Disney Research ProjectsScene Reconstruction from High Spatio-Angular Resolution Light Fields

Scene Reconstruction from High Spatio-Angular Resolution Light Fields

Project Members

Changil Kim (Disney Research Zurich)
Henning Zimmer (Disney Research Zurich)
Yael Pritch (Disney Research Zurich)
Alexander Sorkine-Hornung (Disney Research Zurich)
Markus Gross (Disney Research Zurich)

Scene Reconstruction from High Spatio-Angular Resolution Light Fields Teaser Image

The images on the left show a 2D slice of a 3D input light field, a so called epipolar-plane image (EPI), and two out of one hundred 21 megapixel images that were used to construct the light field. Our method computes 3D depth information for all visible scene points, illustrated by the depth EPI on the right. From this representation, individual depth maps or segmentation masks for any of the input views can be extracted as well as other representations like 3D point clouds.

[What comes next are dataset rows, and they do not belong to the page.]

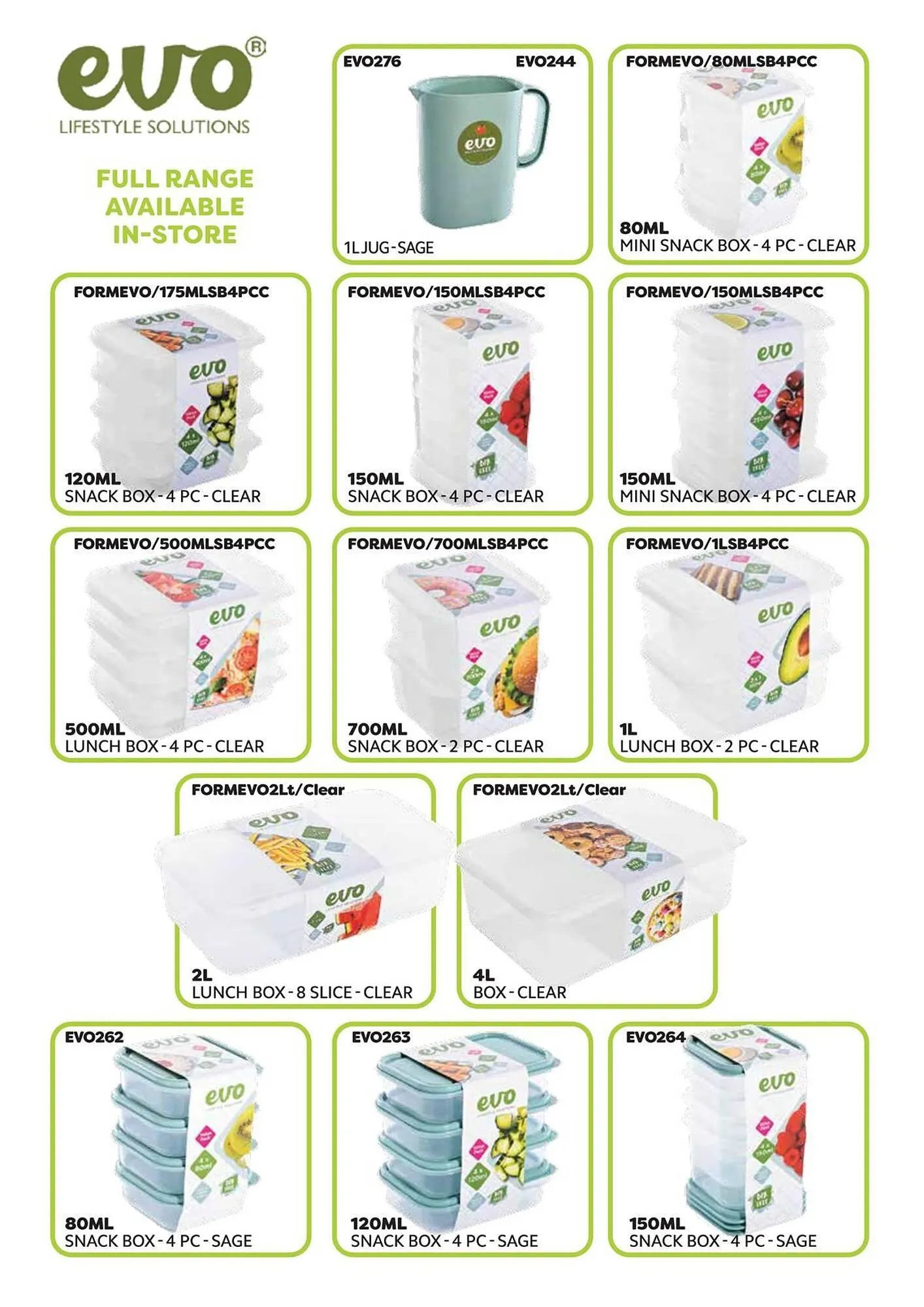 Mambo's Plastics Warehouse catalogue from 13 November to 13 November 2025 - Catalogue Page 35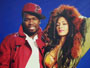 Nicole Scherzinger ft. 50 Cent - Right There [Audio]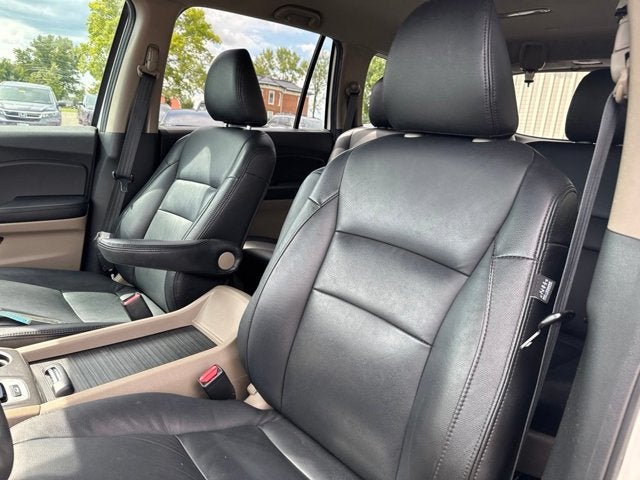 2019 Honda Pilot EX
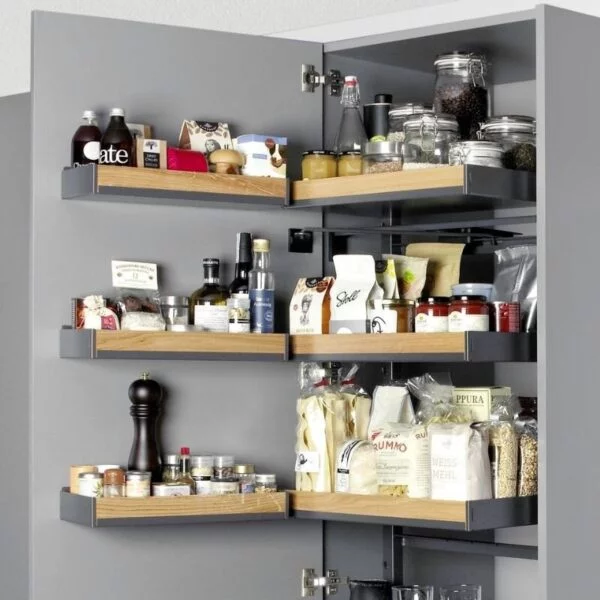 Pleno Plus FIORO larder pull-out 5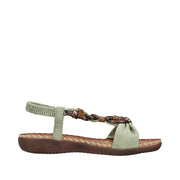 Rieker V7568-52 Green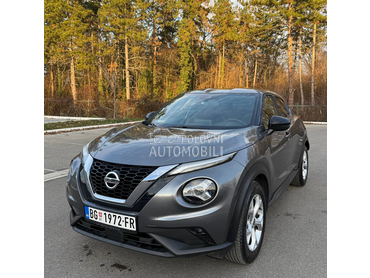 Nissan Juke DIG-T N-Connecta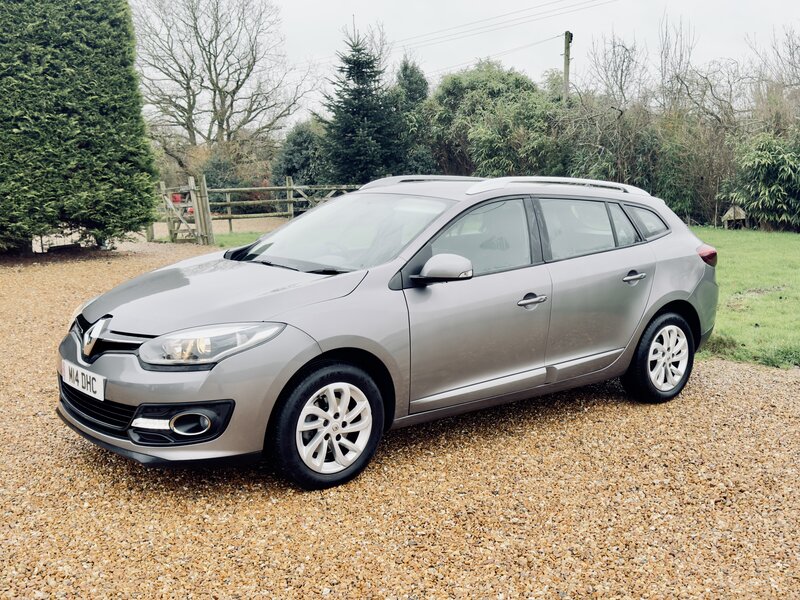 Used Renault Megane 2014 for sale - 77211307: Photo 13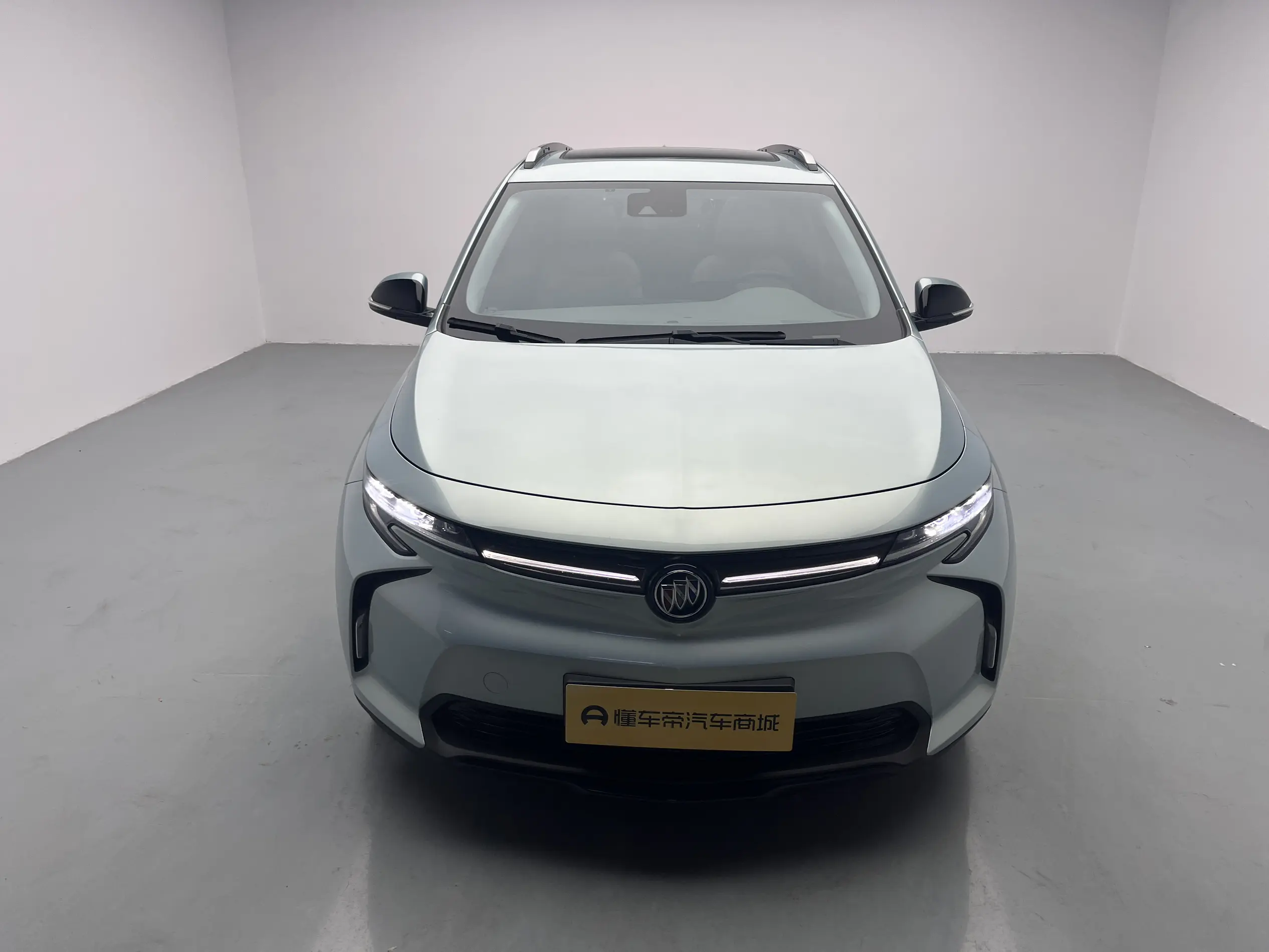 Buick Micro blue 7  из Китая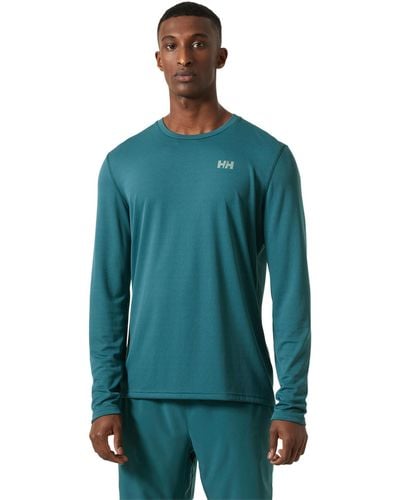 Helly hansen long sleeve shirt top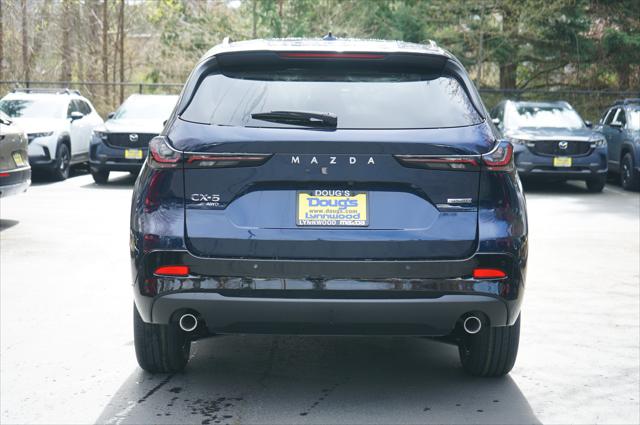 2026 Mazda CX-5 2.5 S Premium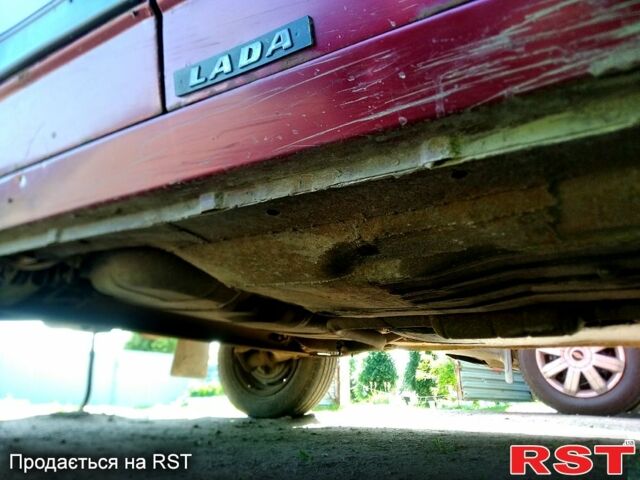 ВАЗ 2109, объемом двигателя 1.5 л и пробегом 555 тыс. км за 1200 $, фото 4 на Automoto.ua
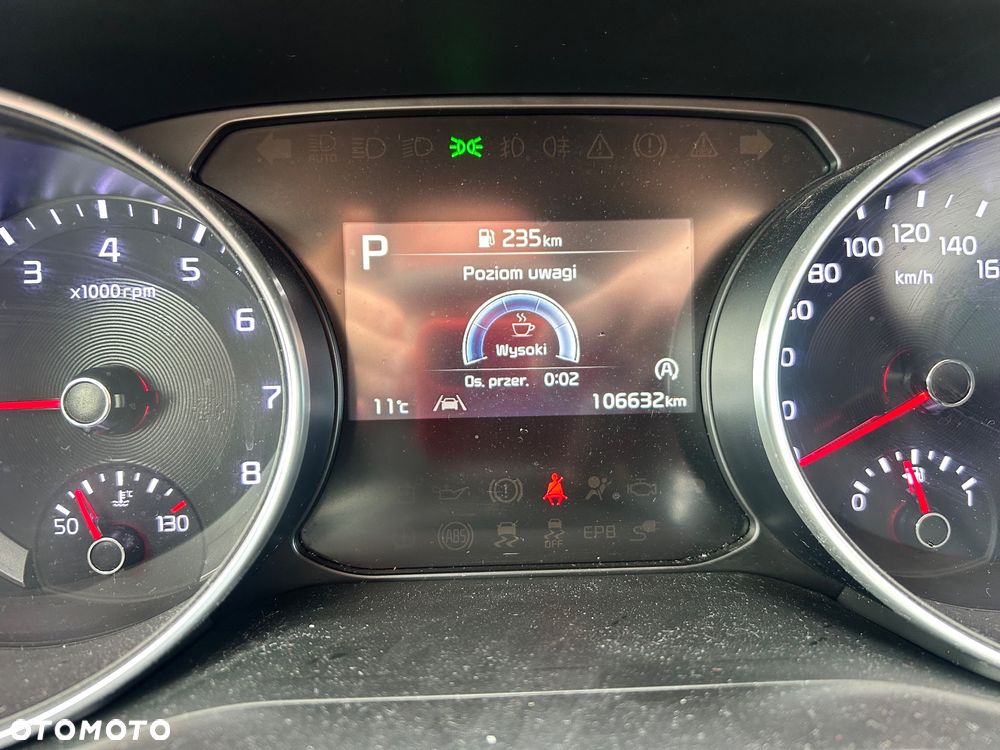 Kia Ceed 1.5 T-GDI L DCT - 26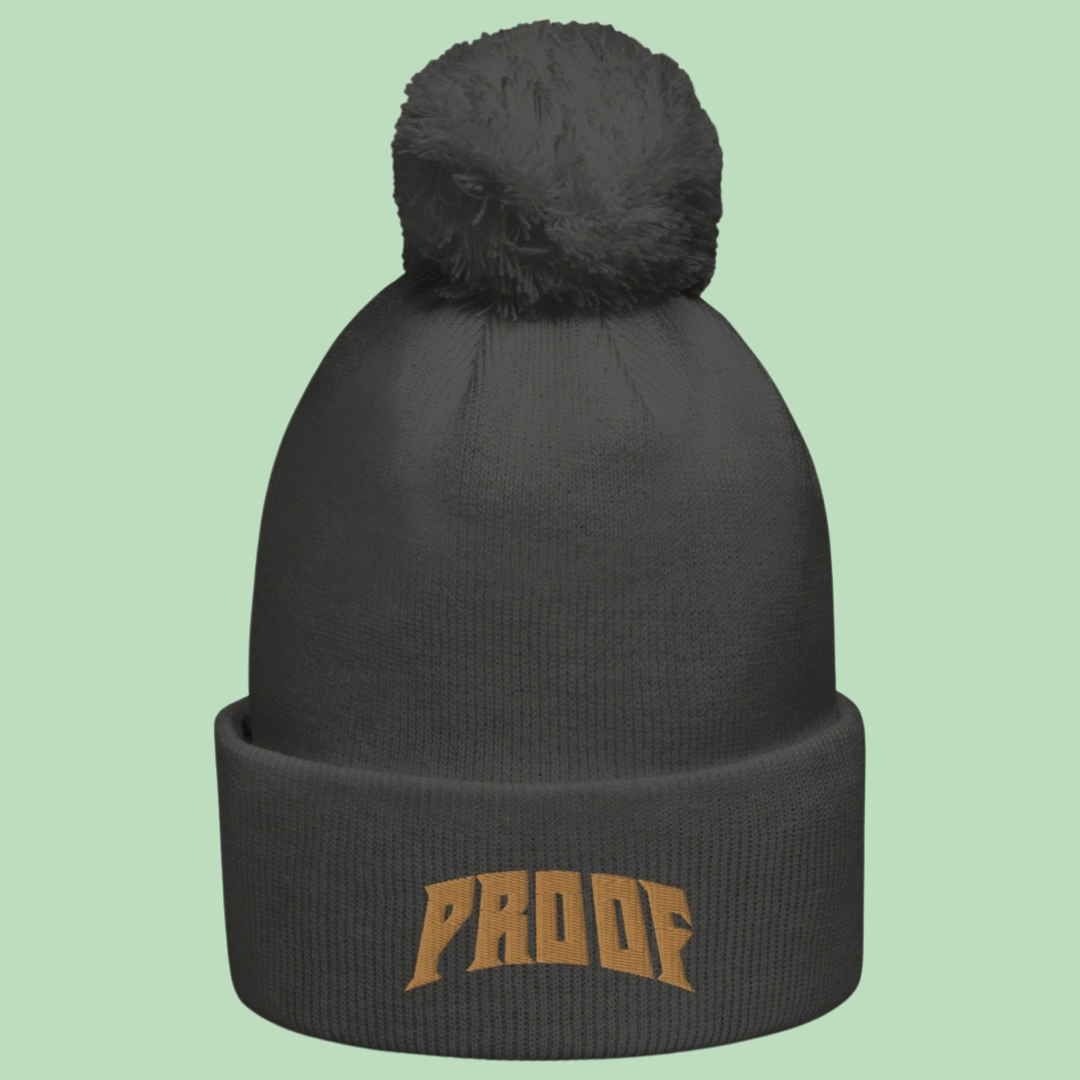 LOGO BEANIE!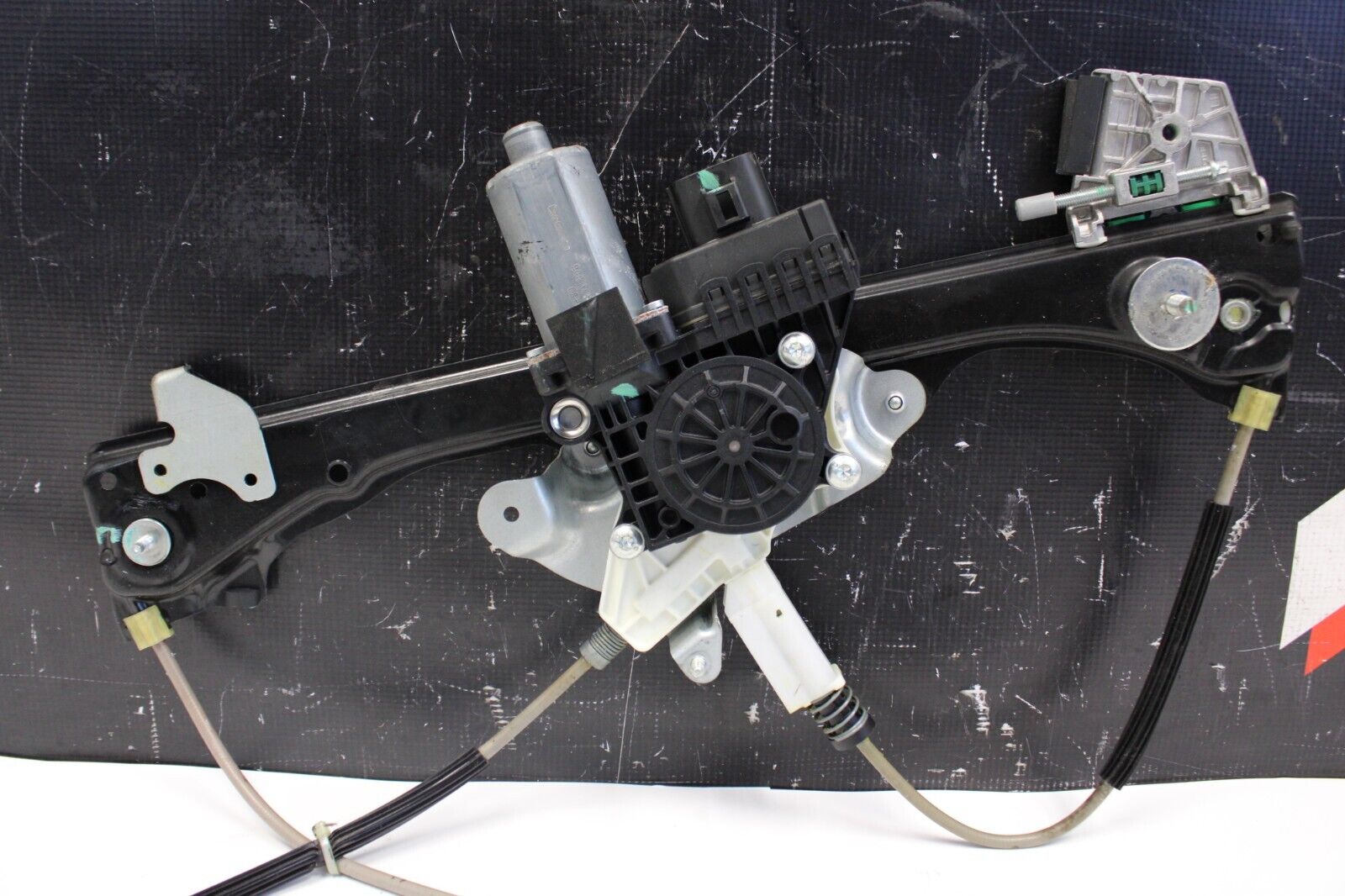 2009-2020 NISSAN GTR R35 WINDOW REGULATOR WITH MOTOR LEFT DRIVER SIDE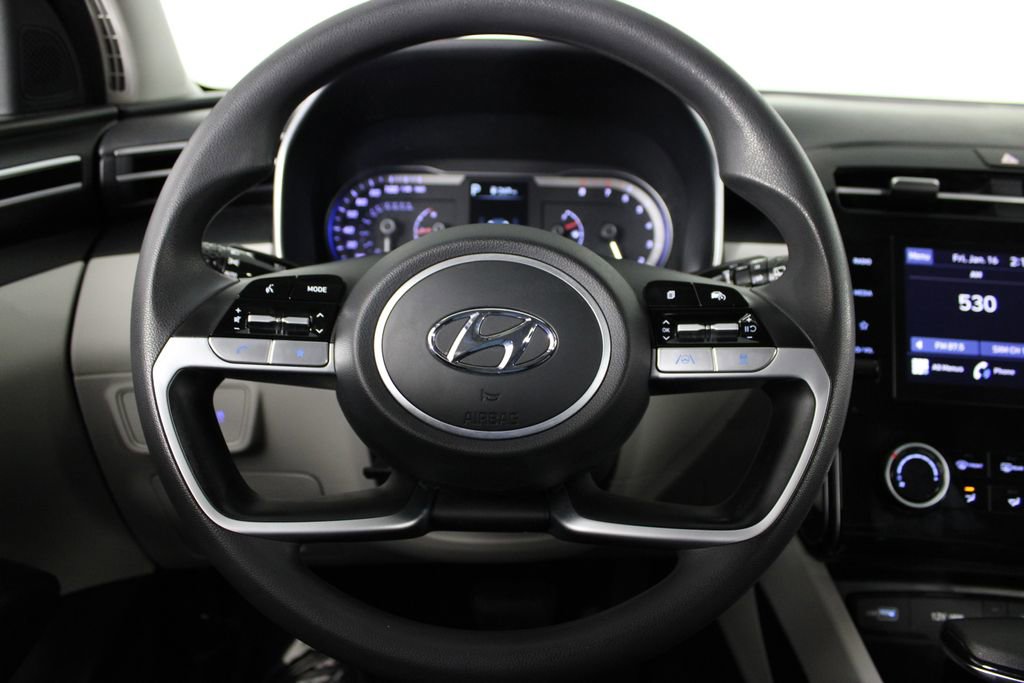 Certified 2023 Hyundai Tucson SEL image 24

The horizontal red lines connect corresponding scanlines in the images with their respective positions in the EPI.

Abstract

This paper describes a method for scene reconstruction of complex, detailed environments from 3D light fields. Densely sampled light fields in the order of 10^9 light rays allow us to capture the real world in unparalleled detail, but efficiently processing this amount of data to generate an equally detailed reconstruction represents a significant challenge to existing algorithms. We propose an algorithm that leverages coherence in massive light fields by breaking with a number of established practices in image-based reconstruction. Our algorithm first computes reliable depth estimates specifically around object boundaries instead of interior regions, by operating on individual light rays instead of image patches. More homogeneous interior regions are then processed in a fine-to-coarse procedure rather than the standard coarse-to-fine approaches. At no point in our method is any form of global optimization performed. This allows our algorithm to retain precise object contours while still ensuring smooth reconstructions in less detailed areas. While the core reconstruction method handles general unstructured input, we also introduce a sparse representation and a propagation scheme for reliable depth estimates which make our algorithm particularly effective for 3D input, enabling fast and memory efficient processing of “Gigaray light fields” on a standard GPU. We show dense 3D reconstructions of highly detailed scenes, enabling applications such as automatic segmentation and image-based rendering, and provide an extensive evaluation and comparison to existing image-based reconstruction techniques.

[Press Release]

Datasets

This website provides the datasets including all the images and the results used in the paper. Please cite the above paper if you use any part of the images or results provided on the website or in the paper. For questions or feedback please contact Changil Kim at kimc at disneyresearch dot com.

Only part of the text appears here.